I think the market is already agreeing, if not leading, the verdict that oil is over. Ah the irony when a new natural ice age starts and they will do anything to up CO2 in the atmosphere to try to soften that blow, they will recreate the entire industry to do it at a cost of so many trillions. Fortunately I cannot live that long, but there are people alive today that could live to see it.

Doug78
Doug78

It's because Zoom has rarity value in its captive customer base where oil and gas companies are, as are oil and gas deposits generally, ubiquitous.

Scooot
Scooot

I see Exxon’s share price is down nearly 70% from its highs, despite all the Government stimulus.

Dodge Demon
Dodge Demon

George Gammon interview of Art Berman a couple a days ago on this topic.

Realist
Realist
  1. The dividend will be cut eventually.

  2. Fossil fuel companies will survive, but their long term fate is a slow decline, with occasional small recoveries along the way (coal companies are leading the way in this regard).

  3. Fossil fuel companies will decline on their own, from market forces. It doesn’t matter what the US govt (whether it’s Biden or anyone else) does.

  4. Who knows?

  5. Work at home is here to stay for many. Just another trend that has been accelerated because of the pandemic.In the short run, this reduces transportation fuel demand, but in the long run, more and more transport will be electric, powered mostly from renewables. Again, market forces at work.

  6. Electric cars will become viable when the cost/benefit equation works out in their favour. Again, market forces. They are already a cheaper alternative in some cases.

  7. Plane travel will rebound once the pandemic is controlled better world wide. But it won’t go back to previous levels as business travel will remain weak.

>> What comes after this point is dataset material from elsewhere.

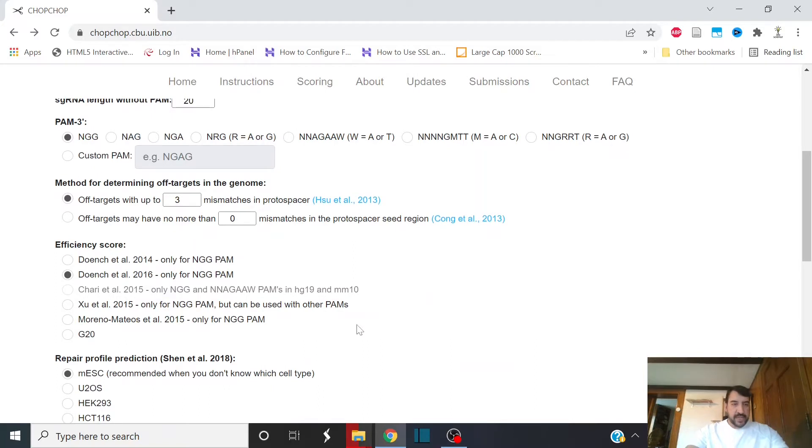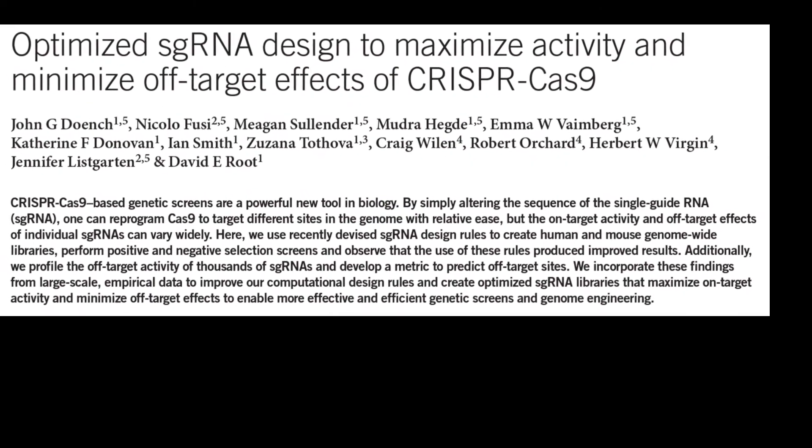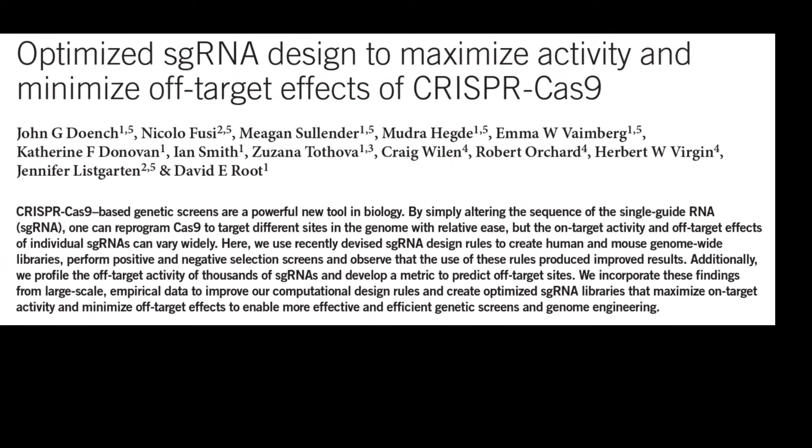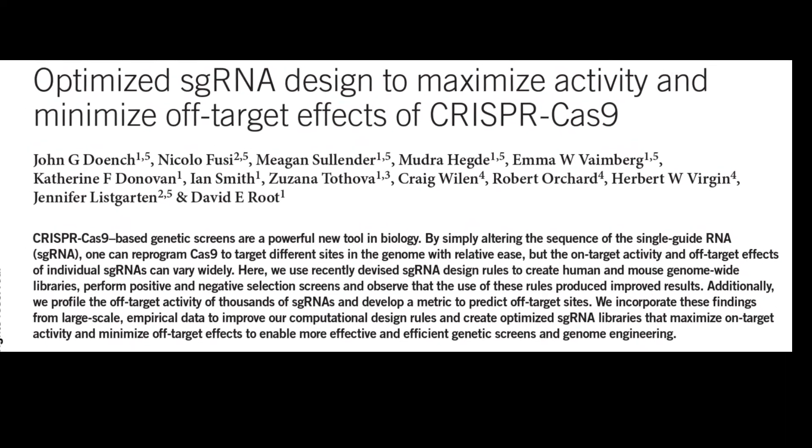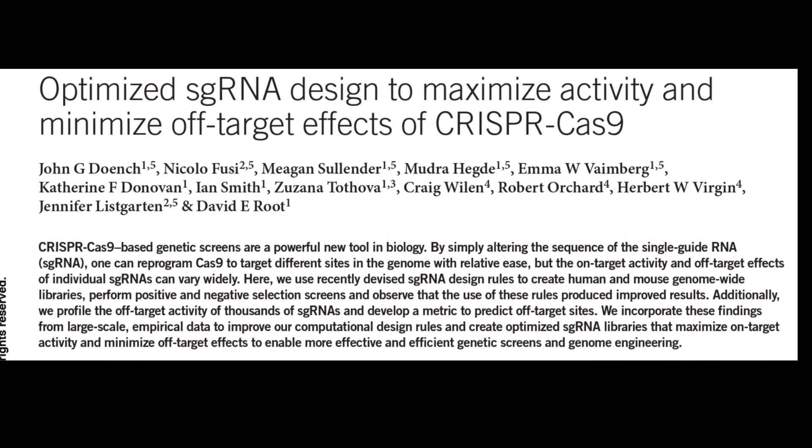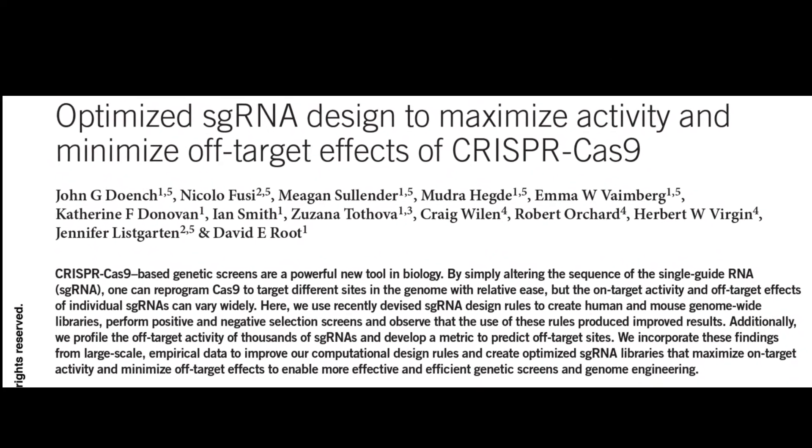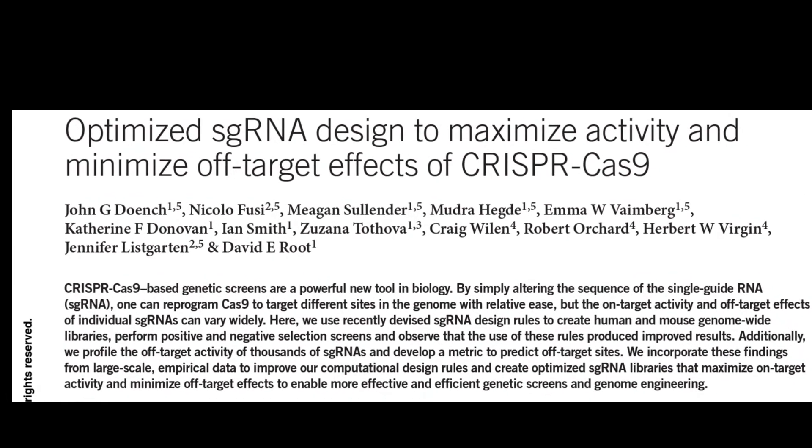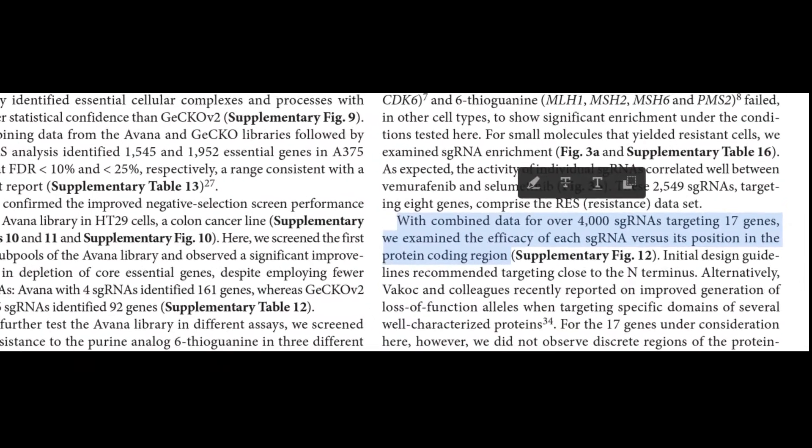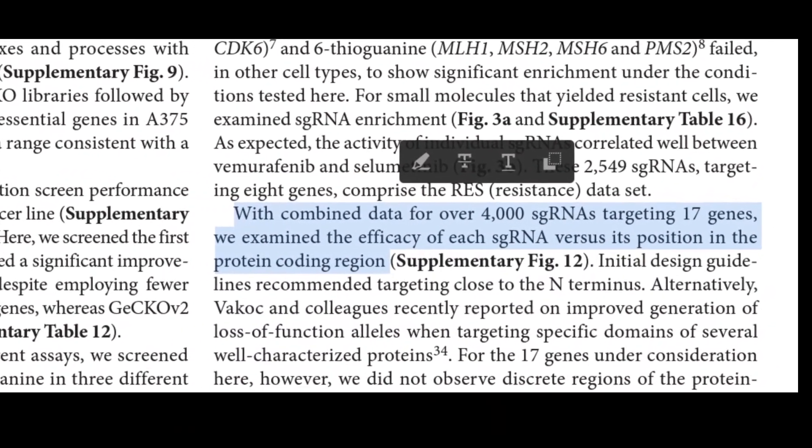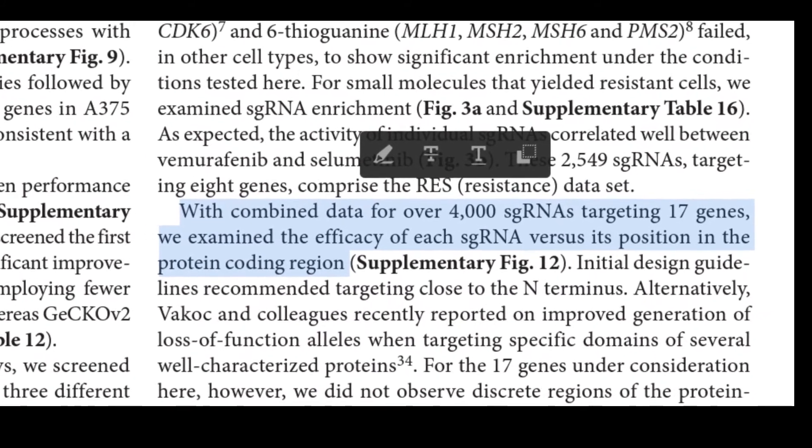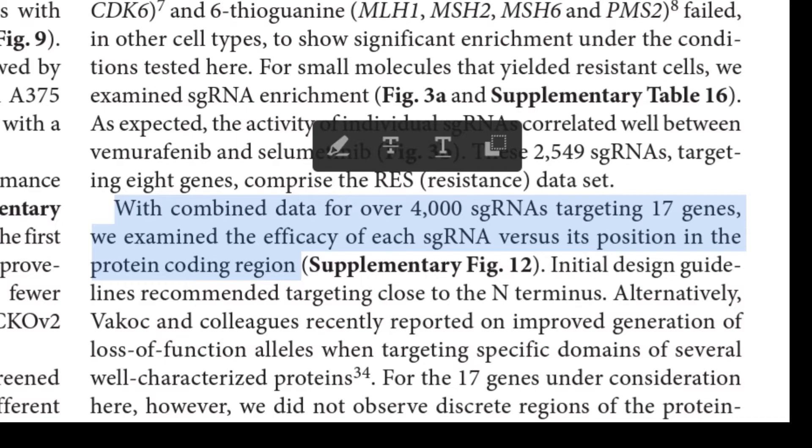And importantly, by default, the efficiency of the cuts are calculated by the Donch algorithm published in 2016. We're going to want to have that checked. Donch and colleagues came up with a computer algorithm that predicts how likely a gRNA is to cut its target site, so how efficient it will be at cutting its target site. They used data from over 4,000 guide RNAs to come up with this algorithm. It basically looks at the target site along with the bases around the target site to figure out protospacers that are very likely to be cut.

  8. Energy will rebound when market forces dictate. That won’t happen until the pandemic is better controlled. I would guess 1-2 years, but markets often anticipate in advance.

  9. Lots of write downs. Who knows how many?

  10. I am never arrogant enough to think I can time the markets. Long term, diversified investing has worked for me my entire life.

Realist
Realist

Regarding Zoom’s valuation. I said the same thing about Amazon in 1999 when it was worth more than all the book stores and publishers in the world at that time. It has gone up 30x or 40x since then. The future is hard to predict.

ToInfinityandBeyond
ToInfinityandBeyond

I don’t think stock valuations matter at the moment but that will pass at some point. And oil & gas usage is not going away any time soon although prices may come down to a point where only the lowest cost providers can survive.

Siliconguy
Siliconguy

The future of oil is plastic and all the other chemicals that come from it. And probably kerosene for the airplanes unless they are actually brave enough to ban air travel for the sake of climate change.

ColoradoAccountant
ColoradoAccountant

Submarines and aircraft carriers are powered by small nuclear reactors. Why aren't the trains?

William Janes
William Janes

Without Natural Gas Turbines, the solar and wind power industry does not exist. Solar and Wind Power lack the absolute essential key that any electric generation source requires: Dispatchability, the electricity is there when you need it. Solar and Wind require that Utilities have twice the generating capacity to produce electricity when the wind don't blow or the sun don't shine. Everything else is eco fantasy.

As for electric cars, when I can drive to St. Louis from my home (a six hour drive) without re-charging , then I will be interested. The Oil and Natural Gas Industry will be around for many more decades.